S’il surgit de temps à autre des collaborations surprenantes, celle-ci fera date par son caractère incongru aux premiers abords : les dérangés de Mouse on Mars, connus pour leurs expérimentations électroniques pour le moins décalées, rencontrent dans le plus grand fracas le leader déjanté de The Fall, Mark E. Smith, pour un résultat qui s’annonçait dès le début explosif à l’écoute de « Wipe That Sound », qui marquait l’origine de cette union en 2005 . Et dès les premières secondes d’un « Fledermaus Can’t Get It » explicite, la personnalité de cette association hybride se dévoile sans autre formalité : agressive et tranchante, la voix de Mark vous saisit à la gorge pour ne plus vous lâcher tandis que le duo allemand massacre ses platines avec des arrangements directs et assassins.

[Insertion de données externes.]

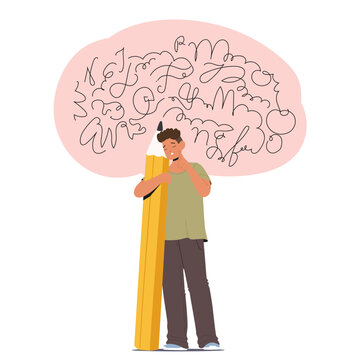 Boy student suffering from difficulties in writing struggling with dysgraphia mental disorder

La voix est insolente et hautaine, collant à la perfection aux productions en jouant sur un effet de contraste évident mais efficace quand il s’agit de taper précisément là où ça fait mal, allant jusqu’à nous évoquer, non sans un certain plaisir, James Murphy de LCD Soundsystem. L’album enfile les tueries à la suite, comme ce« Serious Brainskin » qui opte pour un breakbeat sauvage dont la puissance destructrice de ses nappes acides se voit multipliée par la présence charismatique de ce vilain garçon qui ne chante plus mais crache, vomit des lyrics salis par la nonchalance des grands soirs.

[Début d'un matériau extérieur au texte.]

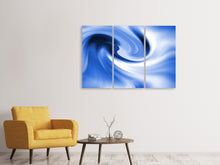 Laden Sie das Bild in den Galerie-Viewer, Leinwandbild 3-teilig Abstrakte blaue Welle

Et le disque roulera sa bosse dans ce créneau house/post-punk, nous projetant sans vergogne de part et d’autre de la pièce, jusqu’à l’apparition d’un « Chicken Yiamas » plus sobre dans l’apparence, créant dans des arrangements presque « post-country » (avec des « post » je mettrais GMD en bouteille) un espace de repos bien mérité, une accalmie dont le disque souffre cruellement dans sa première moitié, rendant parfois les pistes indigestes malgré des productions infaillibles de la part des Mouse On Mars. L’épilogue de cet album change la tendance en proposant des titres autrement plus originaux : le maintenant connu « That Sound Wiped », edit du titre fondateur sorti deux ans plus tôt et qui n’a rien perdu de son groove illuminé et de ses mélodies brillantes qui ressort comme un des grands moments de ce Tromatic Reflexxions. « Dearest Friends » clôt cet album sur une note positive grâce à ses sonorités hawaïennes et naïves sur lesquelles Mark E.Smith prend, une fois n’est pas coutume, le temps de se poser, pour offrir ce que sa voix sait faire de mieux, à savoir une vraie chansonnette désintéressée et décalée dans la plus grande tradition de The Fall.

Après seulement 48 minutes de son brut, on se relève difficilement de ce premier album tant les efforts déployés nous laissent la figure en sang, les sens aveuglés par un exercice malin et vicieux dont ces trois énergumènes sont devenus les maîtres à penser en l’espace d’un disque, et quand on sait que le groupe a signé pour trois albums, on peut s’attendre au pire, espérant seulement que nous aurons le temps et les moyens de nous préparer au deuxième round. La tornade Von Südenfed gagne par K.-O. physique, reste à en évaluer les dégâts.